The U.S. Consumer Confidence Index fell for the third month in a row to 102.6 from Sept.’s 104.3. A top concern: The rising cost of goods and services.

BOSTON – The Conference Board Consumer Confidence Index declined a bit in October to 102.6, a drop from an upwardly revised 104.3 in September. It’s the third monthly drop in a row.

The Present Situation Index – consumers’ assessment of current business and labor market conditions – declined to 143.1 from 146.2.

The Expectations Index – consumers’ short-term outlook for income, business and labor market conditions – fell slightly to 75.6 in October from September’s 76.4. The Expectations index is still below 80 – a level that historically signals a recession within the next year – and consumer fears of an impending recession remain elevated.

“October’s retreat reflected pullbacks in both the Present Situation and Expectations Index,” says Dana Peterson, chief economist at The Conference Board. “Write-in responses showed that consumers continued to be preoccupied with rising prices in general, and for grocery and gasoline prices in particular. Consumers also expressed concerns about the political situation and higher interest rates.

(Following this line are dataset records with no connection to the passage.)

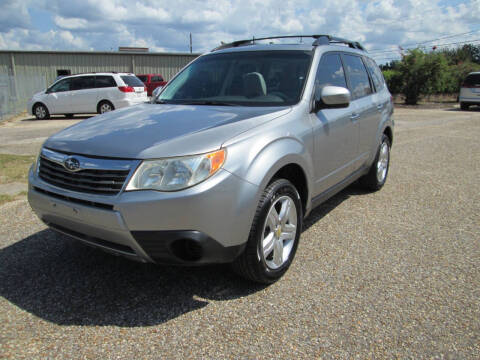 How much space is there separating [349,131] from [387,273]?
1515 millimetres

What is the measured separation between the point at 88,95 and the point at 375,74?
12982mm

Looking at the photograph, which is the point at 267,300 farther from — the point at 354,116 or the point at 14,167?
the point at 14,167

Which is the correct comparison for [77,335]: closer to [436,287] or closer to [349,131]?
[436,287]

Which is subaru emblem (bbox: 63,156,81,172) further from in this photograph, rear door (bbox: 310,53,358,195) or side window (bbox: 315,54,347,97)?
side window (bbox: 315,54,347,97)

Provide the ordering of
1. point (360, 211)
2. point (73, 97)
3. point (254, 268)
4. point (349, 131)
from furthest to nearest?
1. point (73, 97)
2. point (360, 211)
3. point (349, 131)
4. point (254, 268)

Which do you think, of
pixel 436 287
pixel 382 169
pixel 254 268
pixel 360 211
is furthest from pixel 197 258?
pixel 382 169

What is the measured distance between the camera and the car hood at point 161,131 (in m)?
2.47

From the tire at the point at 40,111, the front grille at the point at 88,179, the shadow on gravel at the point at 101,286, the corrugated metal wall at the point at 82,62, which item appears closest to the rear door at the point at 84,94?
the tire at the point at 40,111

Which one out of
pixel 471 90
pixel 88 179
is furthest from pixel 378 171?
pixel 471 90

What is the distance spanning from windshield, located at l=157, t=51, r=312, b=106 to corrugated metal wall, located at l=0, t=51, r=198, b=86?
101 ft

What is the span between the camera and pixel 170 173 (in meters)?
2.38

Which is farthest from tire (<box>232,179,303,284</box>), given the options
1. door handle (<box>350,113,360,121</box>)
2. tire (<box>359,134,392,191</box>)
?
tire (<box>359,134,392,191</box>)

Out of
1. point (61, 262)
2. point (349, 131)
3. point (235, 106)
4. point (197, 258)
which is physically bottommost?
point (61, 262)

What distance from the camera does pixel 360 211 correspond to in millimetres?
4684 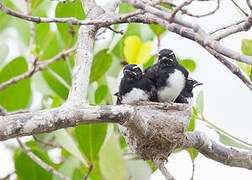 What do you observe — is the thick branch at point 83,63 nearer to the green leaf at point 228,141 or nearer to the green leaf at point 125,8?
the green leaf at point 125,8

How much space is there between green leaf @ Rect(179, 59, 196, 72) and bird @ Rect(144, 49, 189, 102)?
0.20 meters

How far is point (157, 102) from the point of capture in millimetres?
3977

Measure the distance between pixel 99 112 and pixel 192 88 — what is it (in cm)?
207

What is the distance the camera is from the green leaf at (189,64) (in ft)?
13.8

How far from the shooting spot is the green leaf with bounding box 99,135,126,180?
327 cm

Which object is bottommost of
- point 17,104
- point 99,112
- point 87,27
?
point 17,104

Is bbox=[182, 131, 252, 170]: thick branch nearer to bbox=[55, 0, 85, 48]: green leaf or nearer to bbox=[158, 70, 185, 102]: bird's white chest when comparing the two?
bbox=[158, 70, 185, 102]: bird's white chest

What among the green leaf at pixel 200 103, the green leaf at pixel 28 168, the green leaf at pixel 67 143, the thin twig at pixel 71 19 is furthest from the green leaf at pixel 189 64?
the green leaf at pixel 28 168

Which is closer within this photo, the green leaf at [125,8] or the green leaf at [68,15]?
the green leaf at [68,15]

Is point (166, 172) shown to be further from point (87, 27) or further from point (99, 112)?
point (87, 27)

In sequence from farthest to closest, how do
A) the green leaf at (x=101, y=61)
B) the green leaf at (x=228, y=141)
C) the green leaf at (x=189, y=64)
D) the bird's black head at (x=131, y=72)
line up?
the green leaf at (x=189, y=64) < the bird's black head at (x=131, y=72) < the green leaf at (x=101, y=61) < the green leaf at (x=228, y=141)

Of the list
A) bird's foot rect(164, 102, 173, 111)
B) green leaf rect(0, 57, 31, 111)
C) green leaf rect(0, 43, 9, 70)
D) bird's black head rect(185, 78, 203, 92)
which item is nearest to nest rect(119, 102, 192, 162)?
bird's foot rect(164, 102, 173, 111)

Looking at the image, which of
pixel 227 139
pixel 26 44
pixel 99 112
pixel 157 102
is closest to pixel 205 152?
pixel 227 139

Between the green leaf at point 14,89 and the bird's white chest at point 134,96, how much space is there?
903 mm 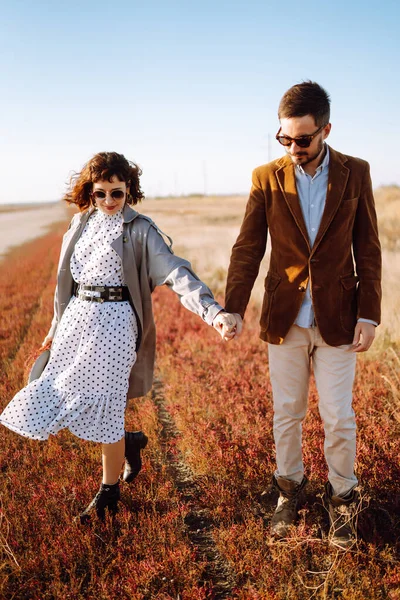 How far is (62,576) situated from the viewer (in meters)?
3.14

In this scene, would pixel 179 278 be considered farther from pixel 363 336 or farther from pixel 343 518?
pixel 343 518

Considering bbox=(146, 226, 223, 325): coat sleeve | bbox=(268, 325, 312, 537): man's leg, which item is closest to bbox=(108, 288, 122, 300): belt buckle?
bbox=(146, 226, 223, 325): coat sleeve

Worries around war/conflicts also rose, amid the recent turmoil in the Middle East.”

Peterson says the decline was across the board and not specific to any demographic group.

Present situation

  • 19.1% of consumers said business conditions were “good,” down from 21.0% in September
  • 18.3% said conditions were “bad,” up from 15.9%
  • 39.4% said jobs were “plentiful,” down slightly from 39.7% in September
  • But13.1% of consumers said jobs were “hard to get,” down from 14.2%

Peterson says assessments “remain buoyant in the face of elevated inflation.”

“Fewer consumers said that business conditions were good, and more said they were bad,” she says. “Regarding the employment situation, slightly fewer consumers said that jobs were ‘plentiful’ compared to September, but the number saying jobs were ‘hard to get’ also declined.”

The Conference Board also asked respondents about their current financial situation, a measure not included in the Present Situation Index. “Those responding ‘good’ rose, and those citing ‘bad’ were little changed,” she says. “This suggests consumer finances remain buoyant in the face of elevated inflation.”

Expectations six months in the future

  • 16.5% of consumers expect business conditions to improve, up from 15.3% in September
  • But 20.2% expect conditions to worsen, up from 18.7%
  • 16.0% of expect more jobs to be available, down from 16.2% in September
  • 19.0% anticipate fewer jobs, up slightly from 18.9%
  • 15.6% of expect their incomes to increase, down from 17.9% in September
  • 13.0% expect incomes to decrease, down from 14.1%

“Expectations for the next six months stayed below the recession threshold of 80, reflecting a decline in confidence about future business conditions, job availability and incomes,” Peterson says. “The continued skepticism about the future is notable given U.S. consumers – at least through the third quarter of this year – continued to spend heavily on both goods and services.

“Expectations that interest rates will rise in the year ahead ticked up in October, and the outlook for stock prices weakened slightly. Furthermore, average 12-month inflation expectations increased in October to 5.9% after holding steady at 5.7% for the past three months.”

Will there be a recession?

“More than two-thirds of consumers said recession is ‘somewhat’ or ‘very likely’ in October,” says Peterson. “The fluctuating soundings likely reflect ongoing uncertainty given mixed buying plans. On a six-month moving average basis, plans to purchase autos and appliances rose while plans to buy homes – in line with rising interest rates – continued to trend downward.”

Toluna conducts the monthly Consumer Confidence Survey. The cutoff date for the preliminary results was October 24.